## WHAT YOU ARE ASKED TO DO
From the listing that follows, output everything exactly except the pictures.

## DATA SEGMENT

Segment Open

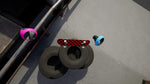 Two small tires with colorful rims on a concrete surface. From the game VR Skater for PlayStation 5.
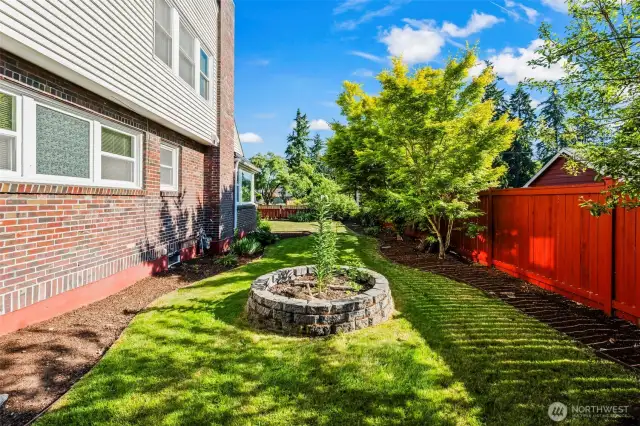 Beautifully landscaped, complete with fruit trees.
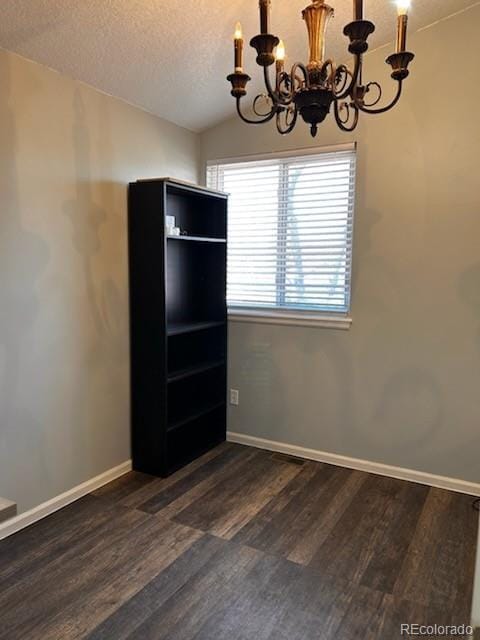 empty room with a textured ceiling, an inviting chandelier, baseboards, dark wood-style flooring, and vaulted ceiling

Segment Closed

## SOLUTION
 Two small tires with colorful rims on a concrete surface. From the game VR Skater for PlayStation 5.
 Beautifully landscaped, complete with fruit trees.
 empty room with a textured ceiling, an inviting chandelier, baseboards, dark wood-style flooring, and vaulted ceiling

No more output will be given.